Print the entries exactly as they appear, and omit any images.

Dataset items
————

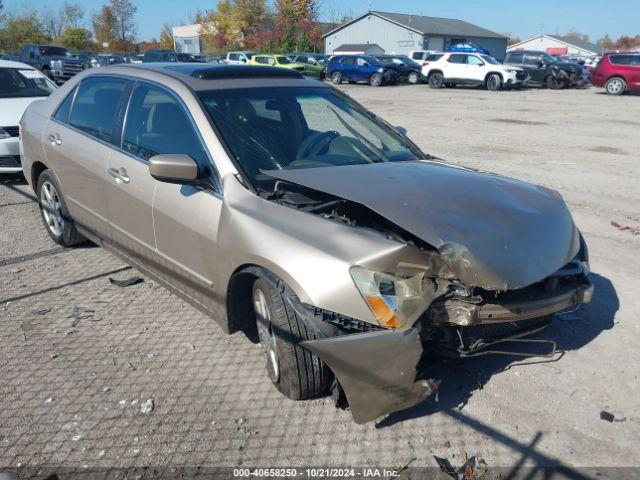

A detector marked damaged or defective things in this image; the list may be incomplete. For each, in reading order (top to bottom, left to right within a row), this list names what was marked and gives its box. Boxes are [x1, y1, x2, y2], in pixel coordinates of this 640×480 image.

damaged gold sedan [18, 63, 592, 424]
crumpled hood [264, 160, 580, 288]
broken headlight [350, 266, 440, 330]
damaged front fender [302, 326, 436, 424]
missing front bumper [302, 326, 436, 424]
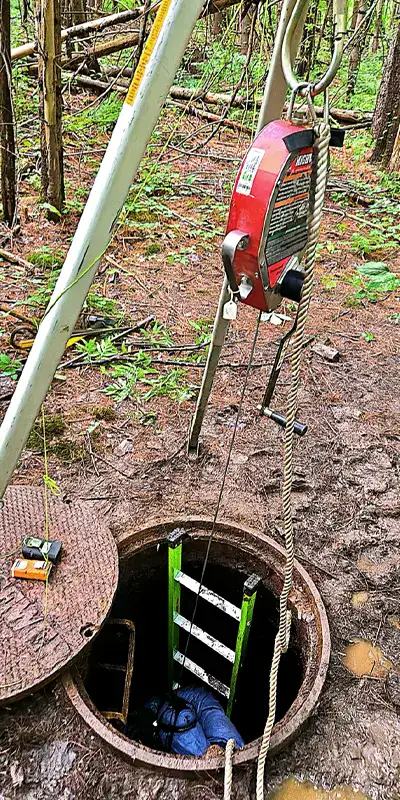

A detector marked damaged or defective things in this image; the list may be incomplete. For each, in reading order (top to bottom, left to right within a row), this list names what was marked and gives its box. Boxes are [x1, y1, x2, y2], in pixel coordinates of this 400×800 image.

rusty manhole rim [63, 520, 332, 776]
rusty metal edge [63, 520, 332, 776]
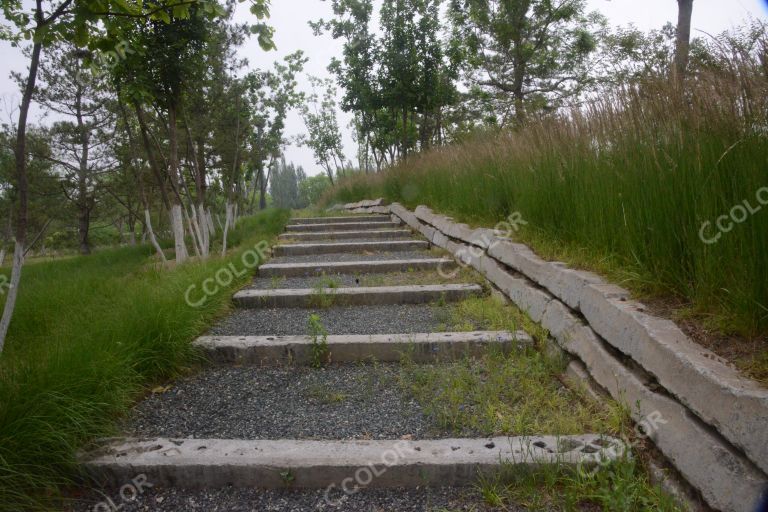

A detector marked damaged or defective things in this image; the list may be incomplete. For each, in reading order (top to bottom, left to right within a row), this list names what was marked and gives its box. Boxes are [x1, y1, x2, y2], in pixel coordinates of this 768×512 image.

broken concrete slab [274, 240, 432, 256]
broken concrete slab [260, 258, 450, 278]
broken concrete slab [234, 284, 484, 308]
broken concrete slab [192, 330, 532, 366]
cracked concrete block [540, 300, 768, 512]
cracked concrete block [580, 282, 768, 474]
broken concrete slab [580, 282, 768, 474]
broken concrete slab [81, 434, 628, 490]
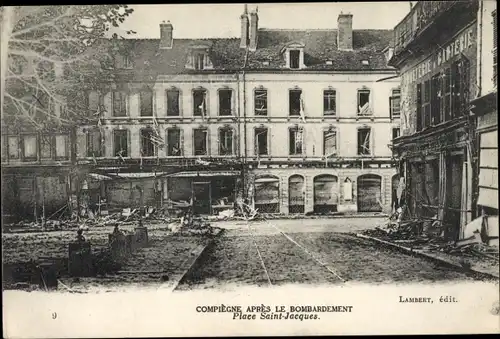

————

RESULT OF THIS EXERCISE |
A detector marked damaged or defective things in this image; the list may be incomplete. For each, in reading order (top to bottom, left to right within a row), this list names what was marked and gives its box. Boxes are [x1, y1, x2, y2], in pixel coordinates of this 640×480 image.

damaged gold sedan [18, 63, 592, 424]
crumpled hood [264, 160, 580, 288]
broken headlight [350, 266, 440, 330]
damaged front fender [302, 326, 436, 424]
missing front bumper [302, 326, 436, 424]

A detector marked damaged or defective things in this image; the list may be incomplete. For each, in reading order (top to bottom, left to right within a row), this list names what was marked and gives its box. Boxes are [x1, y1, x2, y2], in pixel coordinates of this 400×800 image.

rusty manhole rim [63, 520, 332, 776]
rusty metal edge [63, 520, 332, 776]

A detector marked damaged or defective things in this image; the list may be incomplete. For each, in reading order (top to bottom, left to right within a row), this list names what was marked and gives its box. Boxes are [x1, y1, x2, y2], in pixel coordinates of this 768×512 image.

broken concrete slab [274, 240, 432, 256]
broken concrete slab [260, 258, 450, 278]
broken concrete slab [234, 284, 484, 308]
broken concrete slab [192, 330, 532, 366]
cracked concrete block [540, 300, 768, 512]
cracked concrete block [580, 282, 768, 474]
broken concrete slab [580, 282, 768, 474]
broken concrete slab [81, 434, 628, 490]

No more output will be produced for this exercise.